*** Provided records ***

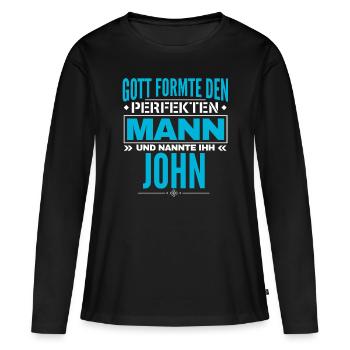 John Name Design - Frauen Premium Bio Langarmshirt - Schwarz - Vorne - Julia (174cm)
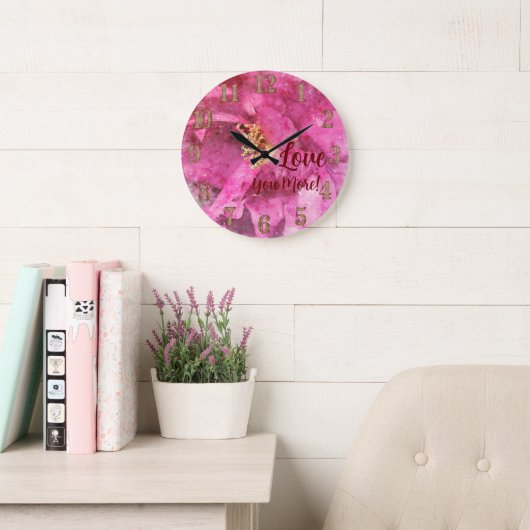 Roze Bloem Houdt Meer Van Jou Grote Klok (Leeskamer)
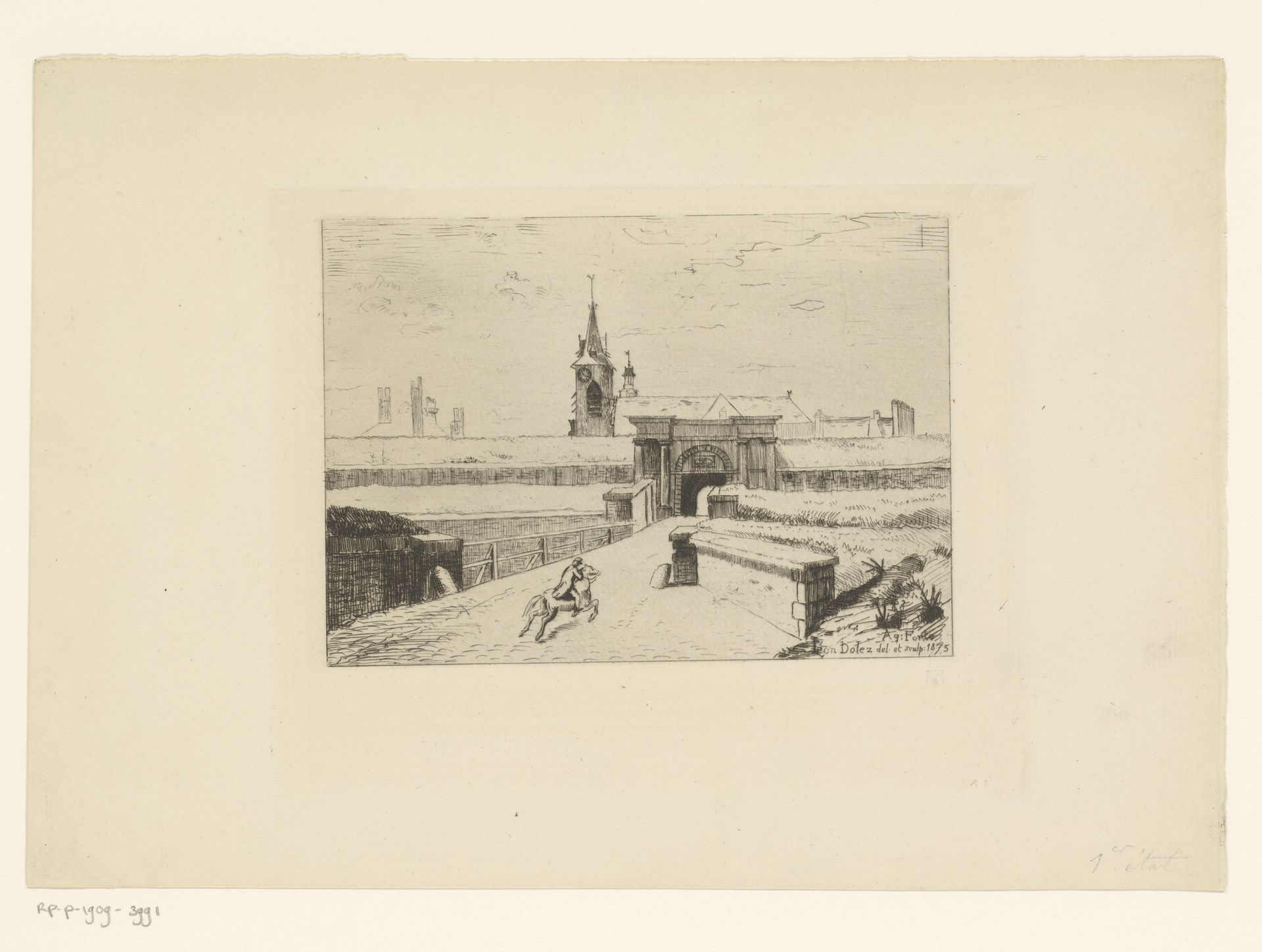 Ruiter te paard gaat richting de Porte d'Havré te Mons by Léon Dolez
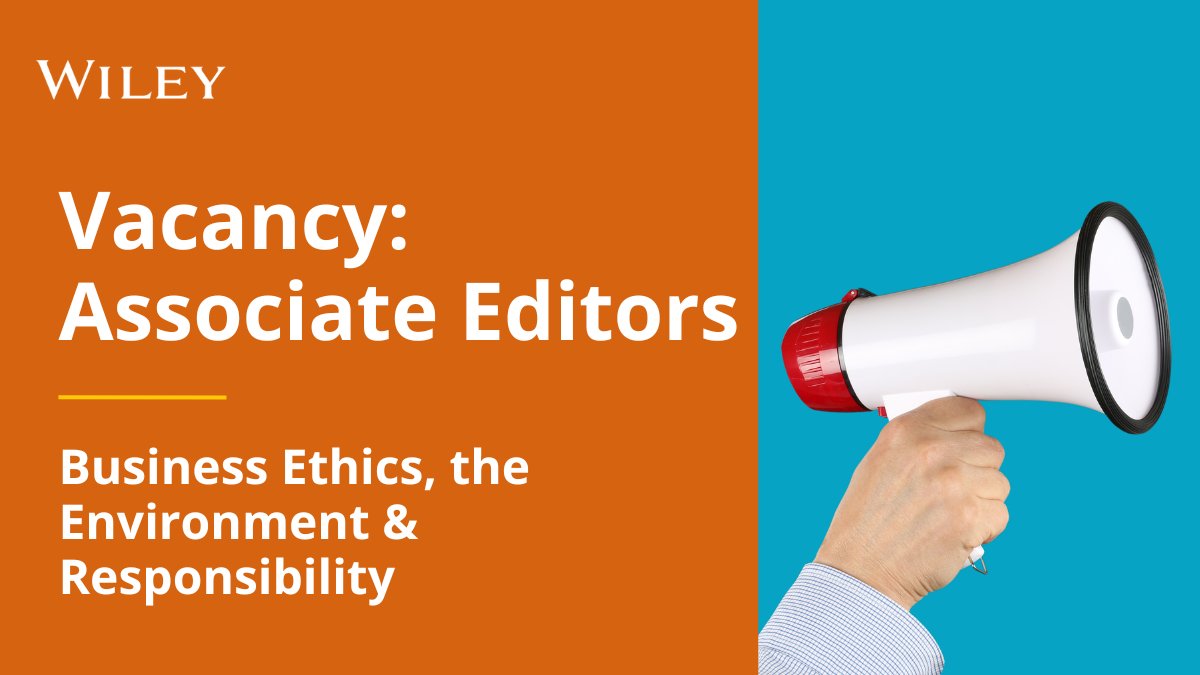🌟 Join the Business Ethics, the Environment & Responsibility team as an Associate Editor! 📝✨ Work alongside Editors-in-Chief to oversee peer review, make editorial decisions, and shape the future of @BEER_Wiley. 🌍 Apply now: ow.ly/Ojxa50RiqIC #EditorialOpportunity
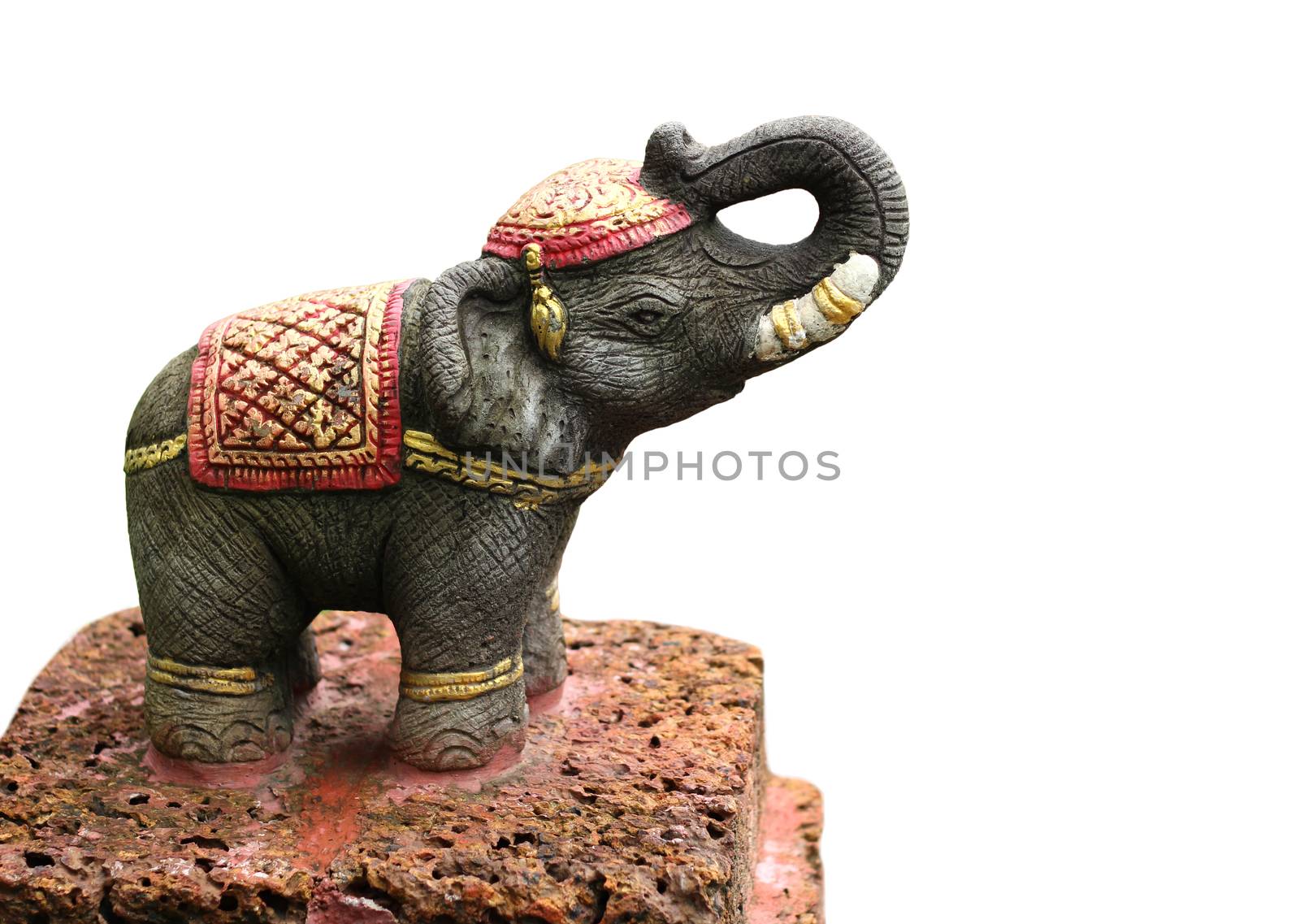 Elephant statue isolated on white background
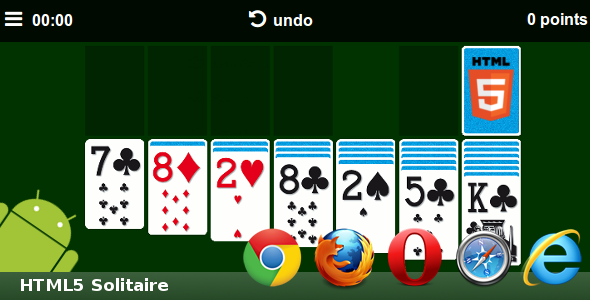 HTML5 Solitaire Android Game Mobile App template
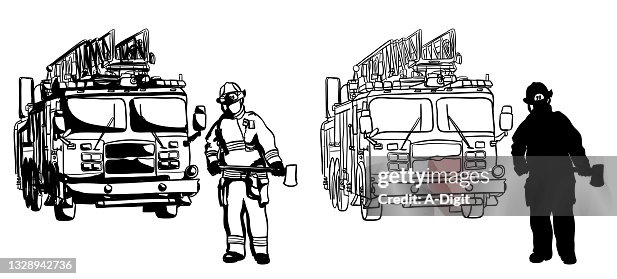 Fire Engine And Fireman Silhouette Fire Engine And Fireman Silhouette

*** End of Provided records ***
*** Provided records ***

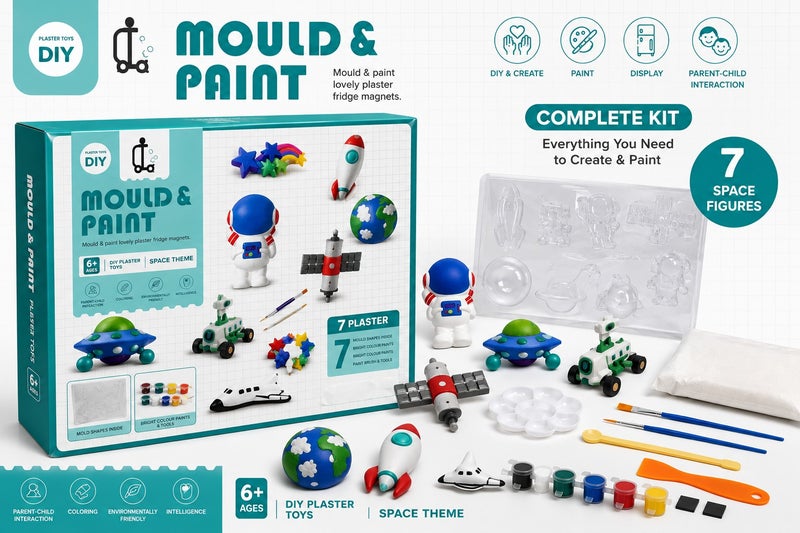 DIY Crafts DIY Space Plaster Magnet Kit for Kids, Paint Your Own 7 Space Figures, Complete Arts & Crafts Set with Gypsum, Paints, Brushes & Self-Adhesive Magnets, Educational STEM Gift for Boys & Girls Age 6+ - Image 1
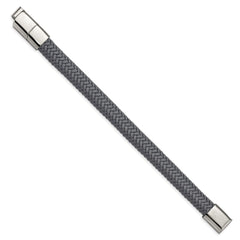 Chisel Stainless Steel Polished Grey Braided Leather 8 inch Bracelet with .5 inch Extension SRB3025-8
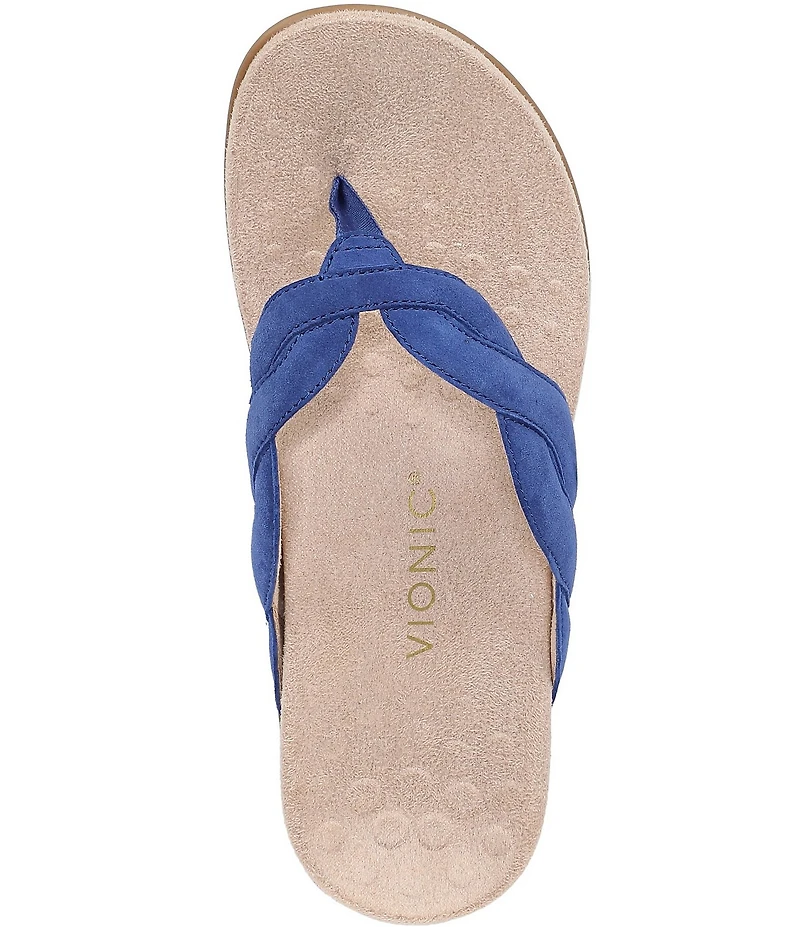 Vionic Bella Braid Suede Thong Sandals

*** End of Provided records ***
*** Provided records ***

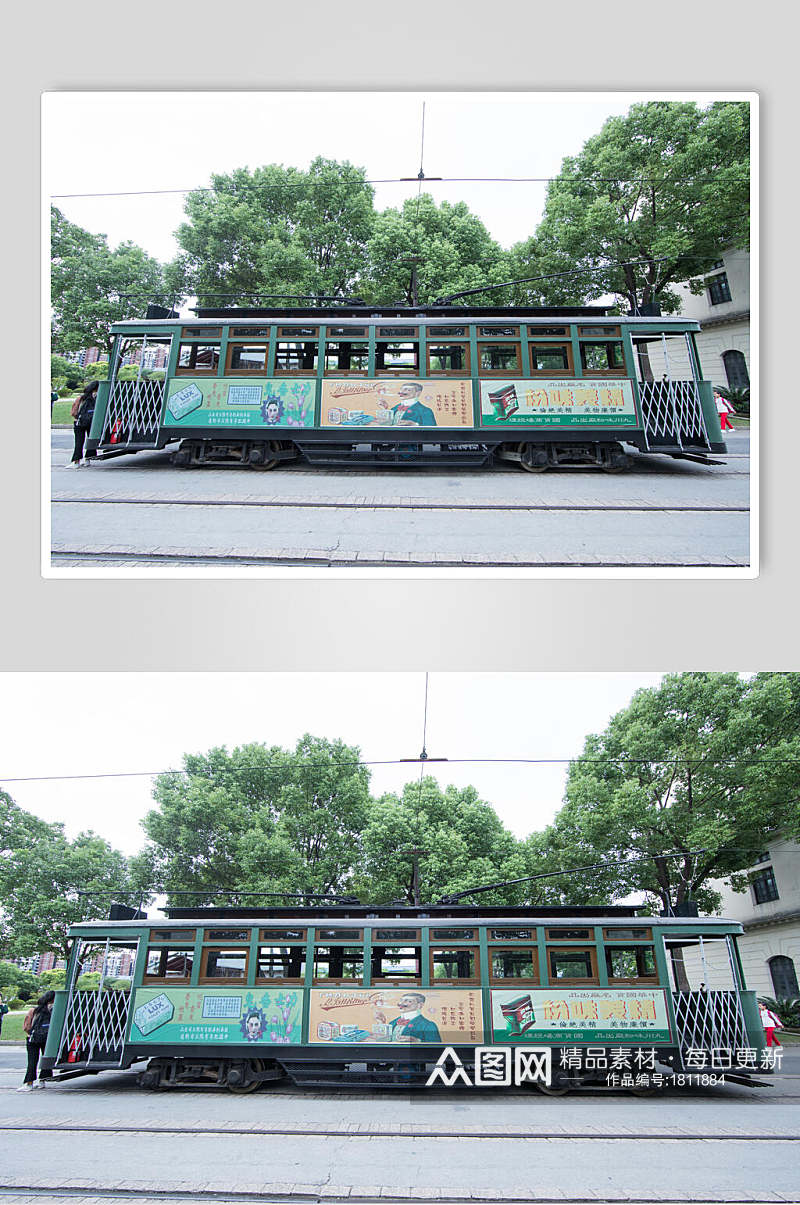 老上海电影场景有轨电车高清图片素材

*** End of Provided records ***

* [The problem]: Give again, exactly as written above, each line from the one that has "HTML5 Solitaire Android" to the one that has "Fire Engine And Fireman Silhouette Fire", both included; omit the pictures.

* [Answer section]:
 HTML5 Solitaire Android Game Mobile App template
 Fire Engine And Fireman Silhouette Fire Engine And Fireman Silhouette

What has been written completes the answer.